Chen Chi-Chen, Cheng Shou-Hsia
Department of Public Health, College of Medicine, Fu Jen Catholic University, Taipei, Taiwan and.
Institute of Health Policy and Management, College of Public Health, National Taiwan University, Taipei, Taiwan
Health Policy Plan. 2016 Feb;31(1):83-90. doi: 10.1093/heapol/czv024. Epub 2015 May 5.
Numerous studies have examined the impact of pay-for-performance (P4P) programmes, yet little is known regarding their effects on continuity of care (COC) and the role of multiple chronic conditions (MCCs). This study aimed to examine the effects of a P4P programme for diabetes care on health care provision, COC and health care outcomes in diabetic patients with and without comorbid hypertension.
This study utilized a large-scale natural experiment with a 4-year follow-up period under a compulsory universal health insurance programme in Taiwan. The intervention groups consisted of patients with diabetes who were enrolled in the P4P programme in 2005. The comparison groups were selected via propensity score matching with patients who were seen by the same group of physicians. A difference-in-differences analysis was conducted using generalized estimating equation models to examine the effects of the P4P programme.
Significant impacts were observed after the implementation of the P4P programme for diabetic patients with and without hypertension.

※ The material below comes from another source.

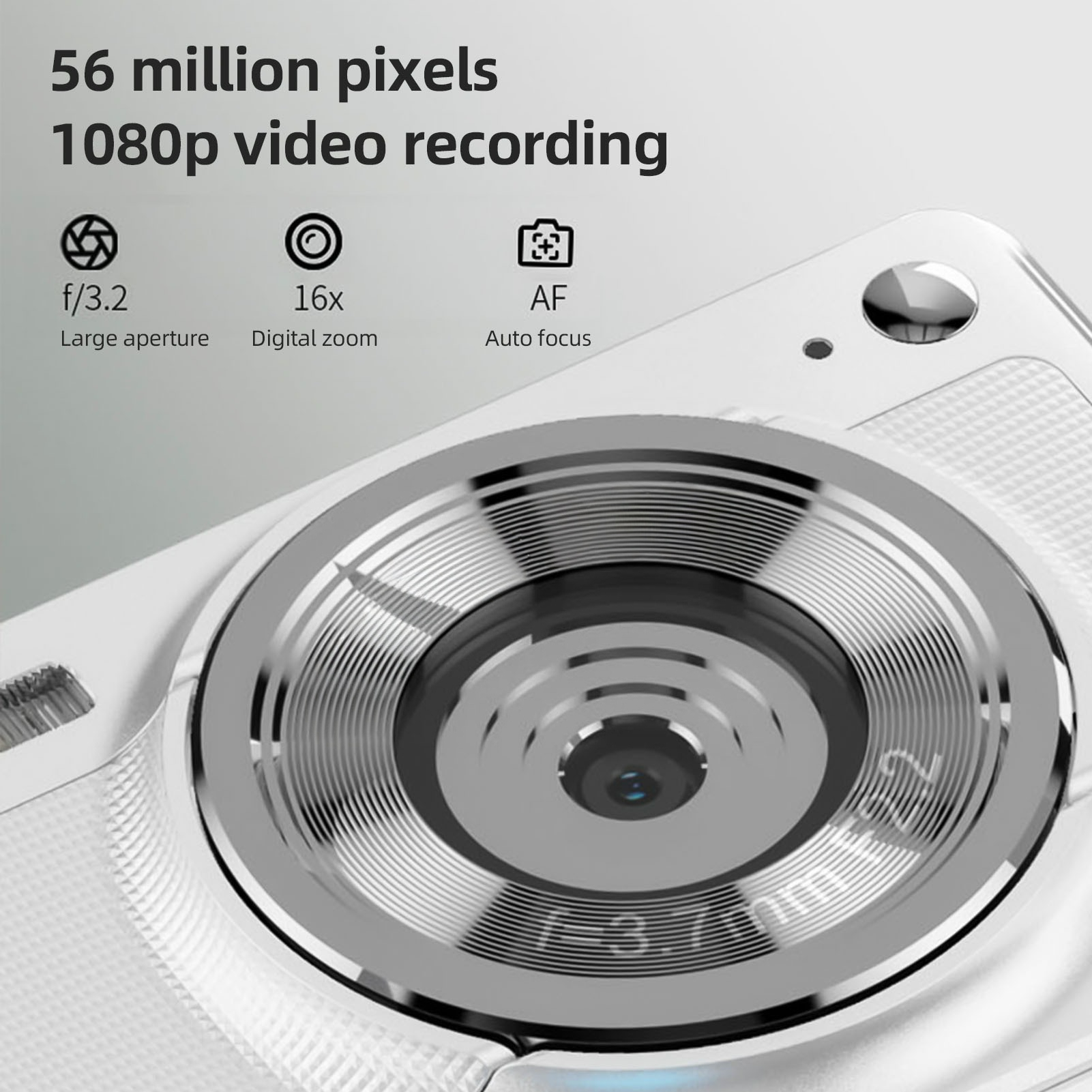 Weiße Kamera Nahaufnahme mit Text: 56 Megapixel, 1080p Videoaufzeichnung, f/3.2, 16x Zoom.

The programme increased the number of necessary examinations/tests and improved the COC between patients and their physicians. The programme significantly reduced the likelihood of diabetes-related hospital admissions and emergency department visits [odds ratio (OR): 0.71; 95% confidence interval (CI): 0.63-0.80 for diabetic patients with hypertension; OR: 0.74; 95% CI: 0.64-0.86 for patients without hypertension]. However, the effects of the P4P programme diminished to some extent in the second year after its implementation.
This study suggests that a financial incentive programme may improve the provision of necessary health care, COC and health care outcomes for diabetic patients both with and without comorbid hypertension. Health authorities could develop policies to increase participation in P4P programmes and encourage continued improvement in health care outcomes.

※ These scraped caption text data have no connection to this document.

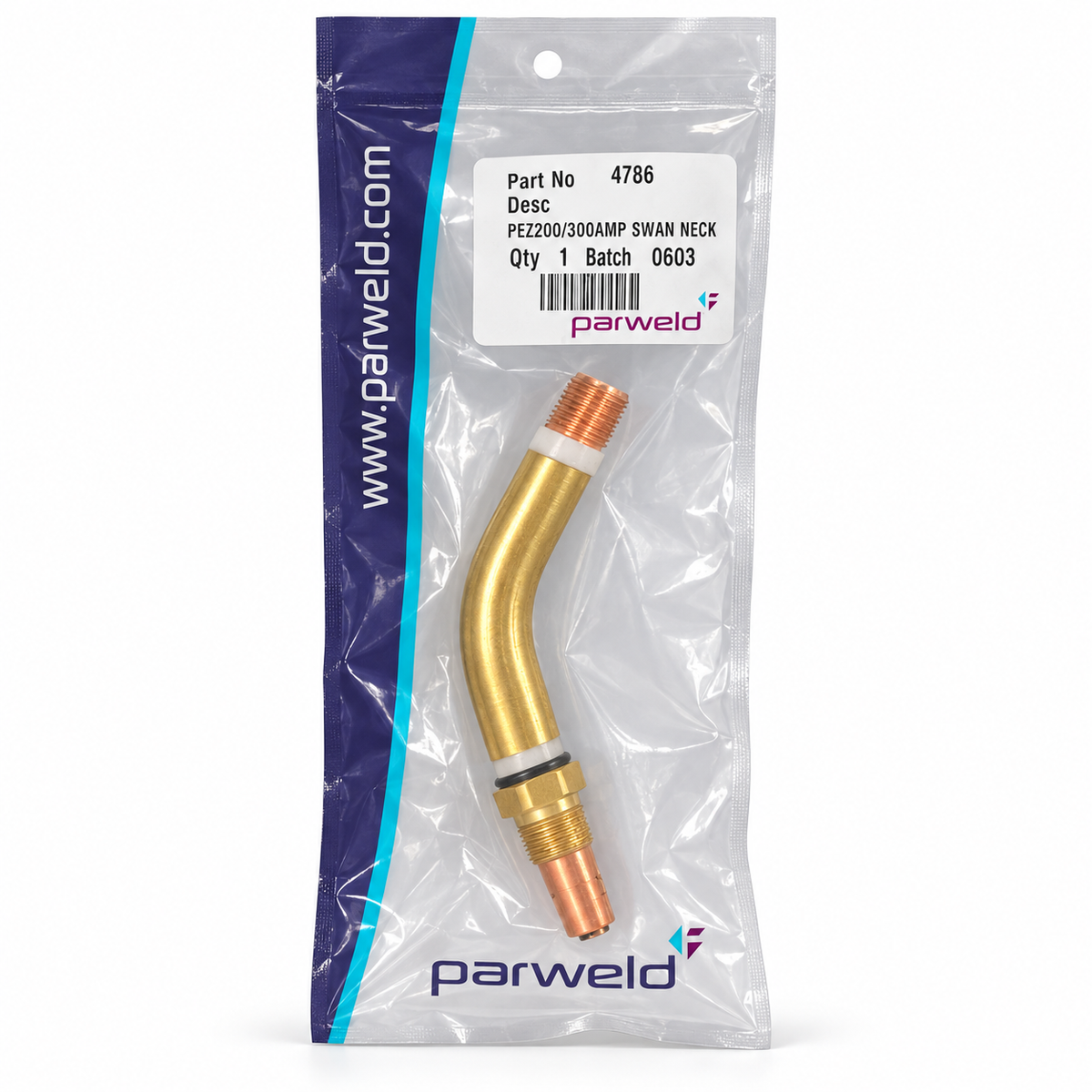 Cuello de cisne Parweld 4786 PEZ 200/300 A en su bolsa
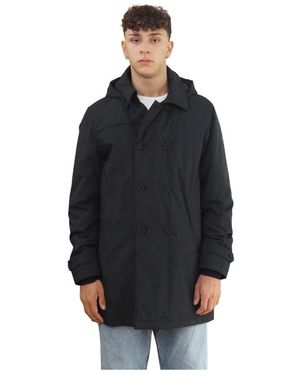 People Of Shibuya Jassen ,Zwart ,Zwarte Gewatteerde Dubbelrijige Winterjas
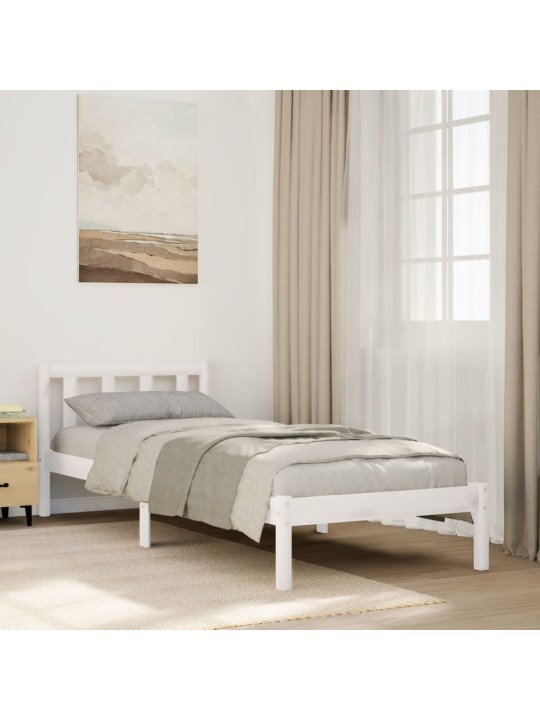 Sängynrunko erikoispitkä ei patjaa valk. 100x220 cm täysi mänty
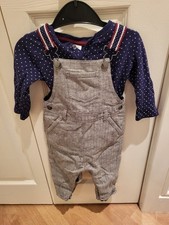 Mini Club Baby Cotton Boys Dungarees and baby grow set, Size 6-9 months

众多研究探讨了按绩效付费(P4P)项目的影响,但对于其对医疗连续性(COC)的影响以及多重慢性病(MCCs)的作用却知之甚少。本研究旨在探讨糖尿病护理的P4P项目对有或无合并高血压的糖尿病患者的医疗服务提供、COC及医疗结果的影响。
本研究利用台湾强制性全民健康保险项目下为期4年随访期的大规模自然实验。干预组由2005年参加P4P项目的糖尿病患者组成。通过倾向得分匹配法,从由同一组医生诊治的患者中选取对照组。使用广义估计方程模型进行差分分析,以检验P4P项目的效果。
在实施P4P项目后,有或无高血压的糖尿病患者均观察到显著影响。该项目增加了必要检查/测试的次数,并改善了患者与其医生之间的COC。该项目显著降低了糖尿病相关住院和急诊就诊的可能性[比值比(OR):0.71;95%置信区间(CI):对于合并高血压的糖尿病患者为0.63 - 0.80;OR:0.74;95% CI:对于无高血压患者为0.64 - 0.86]。然而,P4P项目的效果在实施后的第二年有所减弱。
本研究表明,一项经济激励项目可能改善有或无合并高血压的糖尿病患者必要医疗服务的提供、COC及医疗结果。卫生当局可制定政策,以增加对P4P项目的参与,并鼓励持续改善医疗结果。